[DATA PROVIDED]

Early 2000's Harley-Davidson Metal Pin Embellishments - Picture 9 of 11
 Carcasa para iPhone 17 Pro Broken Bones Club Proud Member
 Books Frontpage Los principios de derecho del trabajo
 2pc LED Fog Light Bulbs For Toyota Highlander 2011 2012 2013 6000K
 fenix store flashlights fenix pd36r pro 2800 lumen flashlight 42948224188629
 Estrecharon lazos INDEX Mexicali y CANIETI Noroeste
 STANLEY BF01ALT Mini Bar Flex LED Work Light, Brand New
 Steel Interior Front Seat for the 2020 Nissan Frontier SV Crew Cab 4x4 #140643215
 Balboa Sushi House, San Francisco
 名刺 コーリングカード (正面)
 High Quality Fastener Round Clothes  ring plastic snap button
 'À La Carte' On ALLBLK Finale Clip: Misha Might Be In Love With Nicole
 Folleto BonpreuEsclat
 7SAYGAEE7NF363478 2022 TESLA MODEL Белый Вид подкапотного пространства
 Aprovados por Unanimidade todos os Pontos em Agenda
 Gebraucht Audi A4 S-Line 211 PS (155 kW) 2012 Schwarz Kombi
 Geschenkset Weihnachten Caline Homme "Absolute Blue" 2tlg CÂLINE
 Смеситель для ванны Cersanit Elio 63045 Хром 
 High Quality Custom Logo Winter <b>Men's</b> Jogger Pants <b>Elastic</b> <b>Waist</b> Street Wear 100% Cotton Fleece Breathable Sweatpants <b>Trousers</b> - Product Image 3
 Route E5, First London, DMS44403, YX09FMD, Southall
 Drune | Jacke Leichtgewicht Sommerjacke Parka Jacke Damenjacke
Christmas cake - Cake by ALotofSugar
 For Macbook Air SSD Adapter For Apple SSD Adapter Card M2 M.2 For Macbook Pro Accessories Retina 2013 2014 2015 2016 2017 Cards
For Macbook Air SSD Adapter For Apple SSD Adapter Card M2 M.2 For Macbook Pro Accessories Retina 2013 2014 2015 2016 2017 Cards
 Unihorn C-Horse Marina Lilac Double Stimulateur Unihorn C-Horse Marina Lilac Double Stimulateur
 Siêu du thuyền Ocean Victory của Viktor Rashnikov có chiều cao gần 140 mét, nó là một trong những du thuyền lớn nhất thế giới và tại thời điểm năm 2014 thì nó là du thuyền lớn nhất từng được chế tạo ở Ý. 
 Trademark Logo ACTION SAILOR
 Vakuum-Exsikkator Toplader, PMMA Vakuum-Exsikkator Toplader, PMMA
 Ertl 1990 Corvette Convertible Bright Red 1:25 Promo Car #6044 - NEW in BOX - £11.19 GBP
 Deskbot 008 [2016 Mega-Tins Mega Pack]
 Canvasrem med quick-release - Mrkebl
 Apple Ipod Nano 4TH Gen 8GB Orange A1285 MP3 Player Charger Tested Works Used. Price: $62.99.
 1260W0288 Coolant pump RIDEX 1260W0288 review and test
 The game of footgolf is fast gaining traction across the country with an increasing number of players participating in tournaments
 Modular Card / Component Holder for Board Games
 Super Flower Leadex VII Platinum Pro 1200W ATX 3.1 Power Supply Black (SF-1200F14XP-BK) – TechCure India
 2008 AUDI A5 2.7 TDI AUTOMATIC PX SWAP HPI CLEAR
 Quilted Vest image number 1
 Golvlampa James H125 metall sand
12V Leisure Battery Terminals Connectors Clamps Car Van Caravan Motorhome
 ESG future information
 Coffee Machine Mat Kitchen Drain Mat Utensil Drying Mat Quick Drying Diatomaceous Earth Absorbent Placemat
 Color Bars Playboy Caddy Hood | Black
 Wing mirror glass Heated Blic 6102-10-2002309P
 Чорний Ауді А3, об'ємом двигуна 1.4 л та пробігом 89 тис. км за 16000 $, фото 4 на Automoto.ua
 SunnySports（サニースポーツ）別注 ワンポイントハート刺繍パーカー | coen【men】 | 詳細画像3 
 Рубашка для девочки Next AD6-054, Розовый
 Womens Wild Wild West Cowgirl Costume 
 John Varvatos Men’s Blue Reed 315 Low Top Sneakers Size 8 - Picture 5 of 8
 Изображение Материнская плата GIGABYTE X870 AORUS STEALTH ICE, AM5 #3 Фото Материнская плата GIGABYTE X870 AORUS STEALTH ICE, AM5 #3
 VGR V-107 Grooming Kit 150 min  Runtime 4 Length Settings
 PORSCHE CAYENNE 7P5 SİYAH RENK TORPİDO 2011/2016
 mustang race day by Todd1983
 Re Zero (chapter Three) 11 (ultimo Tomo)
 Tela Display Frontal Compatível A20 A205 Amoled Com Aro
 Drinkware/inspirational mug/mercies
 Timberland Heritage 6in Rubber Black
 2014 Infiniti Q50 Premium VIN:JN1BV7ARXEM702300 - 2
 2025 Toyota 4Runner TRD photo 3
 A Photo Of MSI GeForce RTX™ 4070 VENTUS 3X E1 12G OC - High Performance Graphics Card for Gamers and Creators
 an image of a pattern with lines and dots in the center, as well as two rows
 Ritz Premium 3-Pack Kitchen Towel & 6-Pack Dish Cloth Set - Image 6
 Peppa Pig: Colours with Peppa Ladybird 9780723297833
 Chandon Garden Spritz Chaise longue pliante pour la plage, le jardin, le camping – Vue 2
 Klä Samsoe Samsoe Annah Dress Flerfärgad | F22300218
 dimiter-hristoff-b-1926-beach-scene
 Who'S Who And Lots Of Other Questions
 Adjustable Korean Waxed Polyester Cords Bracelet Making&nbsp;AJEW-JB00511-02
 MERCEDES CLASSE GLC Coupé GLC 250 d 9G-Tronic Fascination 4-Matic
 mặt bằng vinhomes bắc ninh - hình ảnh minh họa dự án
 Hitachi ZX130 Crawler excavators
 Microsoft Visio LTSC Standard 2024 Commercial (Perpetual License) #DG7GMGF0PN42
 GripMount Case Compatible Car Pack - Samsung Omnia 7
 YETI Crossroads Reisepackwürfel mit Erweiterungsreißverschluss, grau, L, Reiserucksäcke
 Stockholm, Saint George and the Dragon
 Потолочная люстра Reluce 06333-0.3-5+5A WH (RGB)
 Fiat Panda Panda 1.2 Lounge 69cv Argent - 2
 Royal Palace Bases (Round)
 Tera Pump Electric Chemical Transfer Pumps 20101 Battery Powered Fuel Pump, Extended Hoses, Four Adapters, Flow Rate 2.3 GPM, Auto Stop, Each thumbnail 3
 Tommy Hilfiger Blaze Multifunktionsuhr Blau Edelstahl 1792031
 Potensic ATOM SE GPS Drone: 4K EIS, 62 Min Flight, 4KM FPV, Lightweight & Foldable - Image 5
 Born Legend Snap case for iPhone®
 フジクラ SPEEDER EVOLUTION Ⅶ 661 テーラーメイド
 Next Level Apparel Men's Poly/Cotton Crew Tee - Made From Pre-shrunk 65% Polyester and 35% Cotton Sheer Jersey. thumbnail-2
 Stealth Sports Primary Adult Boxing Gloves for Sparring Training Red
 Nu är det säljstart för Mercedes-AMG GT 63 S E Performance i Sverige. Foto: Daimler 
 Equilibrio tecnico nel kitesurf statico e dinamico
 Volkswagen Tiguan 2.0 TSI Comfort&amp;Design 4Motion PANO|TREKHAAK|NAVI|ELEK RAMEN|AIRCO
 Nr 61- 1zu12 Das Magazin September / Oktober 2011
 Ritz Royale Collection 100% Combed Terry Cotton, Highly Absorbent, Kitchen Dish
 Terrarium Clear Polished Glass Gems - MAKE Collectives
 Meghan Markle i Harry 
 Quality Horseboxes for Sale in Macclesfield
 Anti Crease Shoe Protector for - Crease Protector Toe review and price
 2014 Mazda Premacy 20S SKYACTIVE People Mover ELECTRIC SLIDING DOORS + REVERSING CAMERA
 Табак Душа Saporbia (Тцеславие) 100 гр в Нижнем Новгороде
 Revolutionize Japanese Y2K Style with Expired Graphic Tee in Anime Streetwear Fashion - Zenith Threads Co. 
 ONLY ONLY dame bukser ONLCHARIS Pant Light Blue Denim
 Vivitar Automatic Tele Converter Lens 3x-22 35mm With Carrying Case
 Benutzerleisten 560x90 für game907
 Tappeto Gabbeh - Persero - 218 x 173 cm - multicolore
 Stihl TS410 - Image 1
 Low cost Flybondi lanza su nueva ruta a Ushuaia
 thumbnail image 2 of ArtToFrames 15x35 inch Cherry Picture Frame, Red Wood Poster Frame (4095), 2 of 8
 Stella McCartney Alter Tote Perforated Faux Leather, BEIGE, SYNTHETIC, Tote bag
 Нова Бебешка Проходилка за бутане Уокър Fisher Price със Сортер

[WORK ITEM] How many of the lines above include "Next"? Only the number should be given.

[ANSWER] 2